▶ HOW TO COMPLETE THIS TASK
Below are some records; quote exactly the lines from the one that contains "Rose and The Ravens Stay Weird Tote" through the one that contains "Cover of A Tour", inclusive, and no others.

▶ THE DATA
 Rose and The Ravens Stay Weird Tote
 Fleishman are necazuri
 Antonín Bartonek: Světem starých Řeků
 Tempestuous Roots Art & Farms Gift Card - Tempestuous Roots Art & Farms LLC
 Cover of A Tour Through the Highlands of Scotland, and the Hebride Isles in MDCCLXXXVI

==

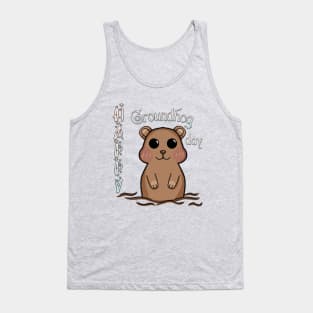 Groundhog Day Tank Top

▶ ANSWER FOR THIS EXERCISE
 Rose and The Ravens Stay Weird Tote
 Fleishman are necazuri
 Antonín Bartonek: Světem starých Řeků
 Tempestuous Roots Art & Farms Gift Card - Tempestuous Roots Art & Farms LLC
 Cover of A Tour Through the Highlands of Scotland, and the Hebride Isles in MDCCLXXXVI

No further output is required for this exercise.